人目が気になるあなたはどういう気分になるでしょうか。「ソワソワした気持ち」「落ち着かない気持ち」が波のように押し寄せてくるかもしれません。
そんな状態でふと頭に「やっぱり私は人目が苦手なのだ」との思いが浮かびます。あなたはどうするでしょうか?
おそらくその場を立ち去ってしまうでしょう。不安な気持ちや嫌な気持ちは一刻も早く消し去りたいからです。
認知的フュージョン
実はこの場面において、認知的フュージョンが生じています。認知的フュージョンとは思考と体験を混同してしまう状態を指します。
冷静になってこの状況を見つめてみると、実際に体験しているのは
- ソワソワした気持ち
- 落ち着かない気持ち
- 「私は人目が苦手」という思いが頭に浮かぶ
この3つです。
しかしそこで思考が介入します。
- 「私は人目が苦手」という思いは正しい
ここで、本来体験であった「私は人目が苦手という思い」は「正しい」という思考と混ざりあい、あたかも事実であるかのように錯覚してしまいます。
その場を立ち去ってしまったということは、この事後的に思考が評価するプロセスに無自覚であり、認知的フュージョンを起こしてしまったということになります。
認知的フュージョンを防ぐには
では、認知的フュージョンに陥らないようにする方法はあるのでしょうか。筆者はデタッチメントとマインドフルネスの活用をおすすめします。
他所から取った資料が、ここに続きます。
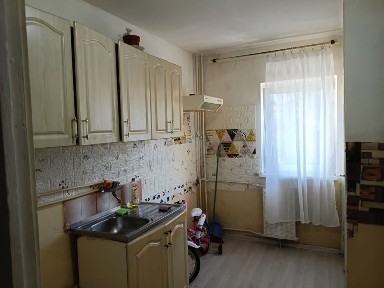 Narcisa (Sf. Dumitru) stradal semidecomandat 56mp etaj 3 din 4
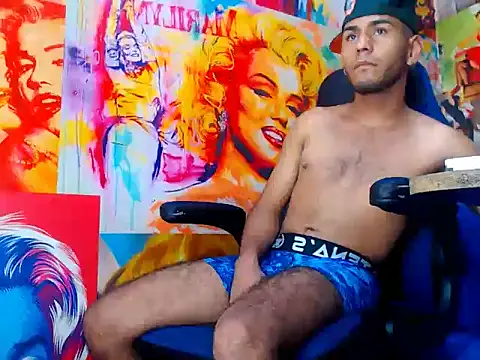 warmNoah's Live XXX Chat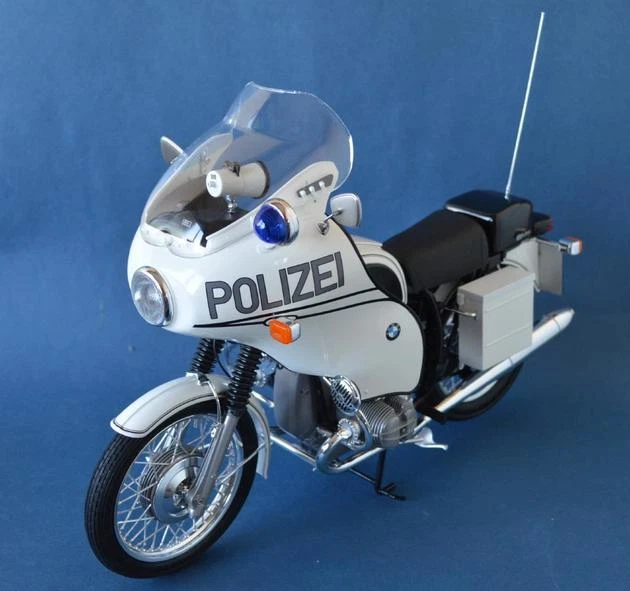 TAMIYA BMW R75/5 ポリスタイプ 1:6スケール BMW R75/5 English
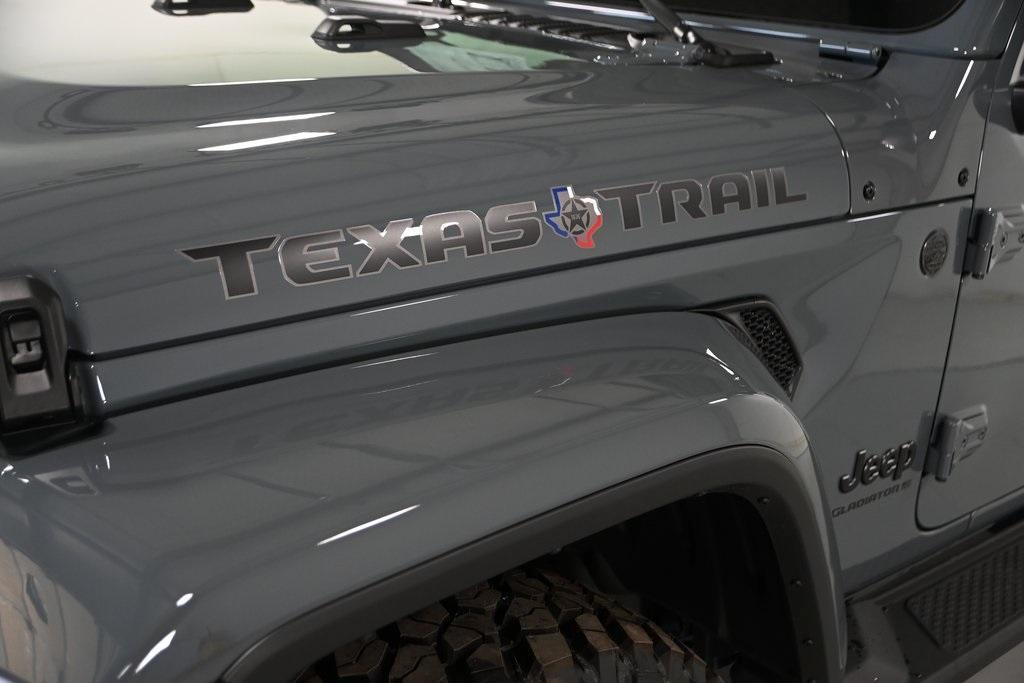 new 2025 Jeep Gladiator car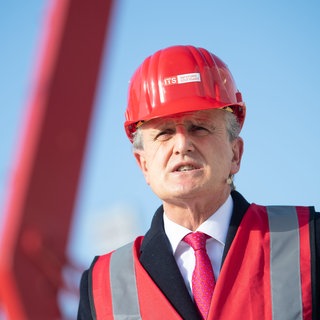Stuttgarts Oberbürgermeister Frank Nopper (CDU) steht mit Schutzhelm an der Baustelle von Stuttgart 21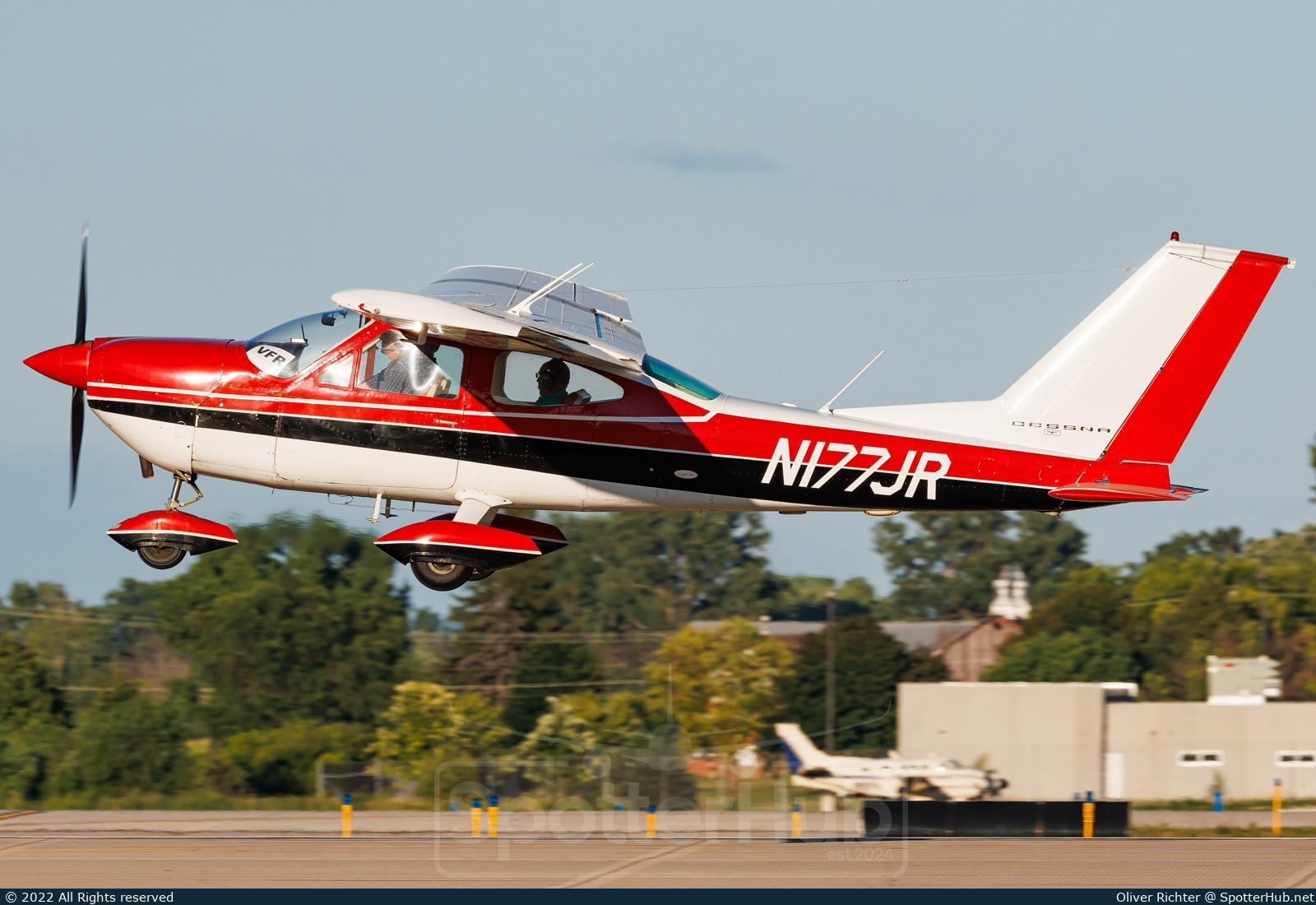 Photo of N177JR - Cessna 177B Cardinal operated by Private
(詳しくはこちらを参照してください:人目が気になって「自分は変だ」と気持ちが落ち着かないときの対処法)
デタッチメントとは、上記の例でいえば、目の前の人混みを「私は人目が苦手」という思いを通じて見るのではなく、目の前の人混みと思い(私は人目が苦手)を同じ距離で並べて見るという心的な態度のことです。
一方、マインドフルネスとは、「ソワソワした気持ち」「落ち着かない気持ち」「私は人目が苦手という思い」という主に3つしか感じていなかった状態から、その場で感じられるあらゆるもの(足の裏の感覚、行きかう人々の声、スマホが鳴る音、自動車の騒音、頬を撫でる風、自らの呼吸など)をキャッチするという心的な態度のことです。
不安な気持ちや苦痛を心が感じているときは、認知的フュージョンを起こしやすい状態と言えます。そんな時にこそ積極的にデタッチメントとマインドフルネスを活用してください。